┌─ PROVIDED DATA

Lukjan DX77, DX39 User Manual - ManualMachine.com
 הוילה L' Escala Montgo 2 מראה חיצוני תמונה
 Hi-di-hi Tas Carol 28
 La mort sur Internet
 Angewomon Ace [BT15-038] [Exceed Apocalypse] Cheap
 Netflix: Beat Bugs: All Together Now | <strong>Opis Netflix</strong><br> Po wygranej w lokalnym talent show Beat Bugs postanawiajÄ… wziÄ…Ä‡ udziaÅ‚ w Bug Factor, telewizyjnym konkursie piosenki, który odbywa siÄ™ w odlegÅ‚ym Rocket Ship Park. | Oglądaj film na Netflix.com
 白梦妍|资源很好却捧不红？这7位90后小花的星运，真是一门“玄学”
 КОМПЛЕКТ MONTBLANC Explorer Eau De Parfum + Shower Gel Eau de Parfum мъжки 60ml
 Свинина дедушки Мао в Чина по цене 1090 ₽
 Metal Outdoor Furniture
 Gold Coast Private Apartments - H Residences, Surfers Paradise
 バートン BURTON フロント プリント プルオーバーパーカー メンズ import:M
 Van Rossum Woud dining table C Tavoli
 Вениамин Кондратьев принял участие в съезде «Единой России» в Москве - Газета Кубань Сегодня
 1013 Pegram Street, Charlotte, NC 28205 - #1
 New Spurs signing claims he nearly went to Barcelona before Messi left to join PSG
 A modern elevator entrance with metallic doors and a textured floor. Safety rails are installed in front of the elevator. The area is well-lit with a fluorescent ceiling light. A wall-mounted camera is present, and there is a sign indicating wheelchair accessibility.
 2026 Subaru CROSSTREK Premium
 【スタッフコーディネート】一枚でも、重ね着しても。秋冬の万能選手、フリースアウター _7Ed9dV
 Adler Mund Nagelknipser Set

└─

PROBLEM REQUIREMENTS >> All lines above from the line with "Van Rossum Woud dining table C Tavoli" through the line with "New Spurs signing", both included, are to be set down exactly, with nothing else.

RESULT OF THIS TASK >>
 Van Rossum Woud dining table C Tavoli
 Вениамин Кондратьев принял участие в съезде «Единой России» в Москве - Газета Кубань Сегодня
 1013 Pegram Street, Charlotte, NC 28205 - #1
 New Spurs signing claims he nearly went to Barcelona before Messi left to join PSG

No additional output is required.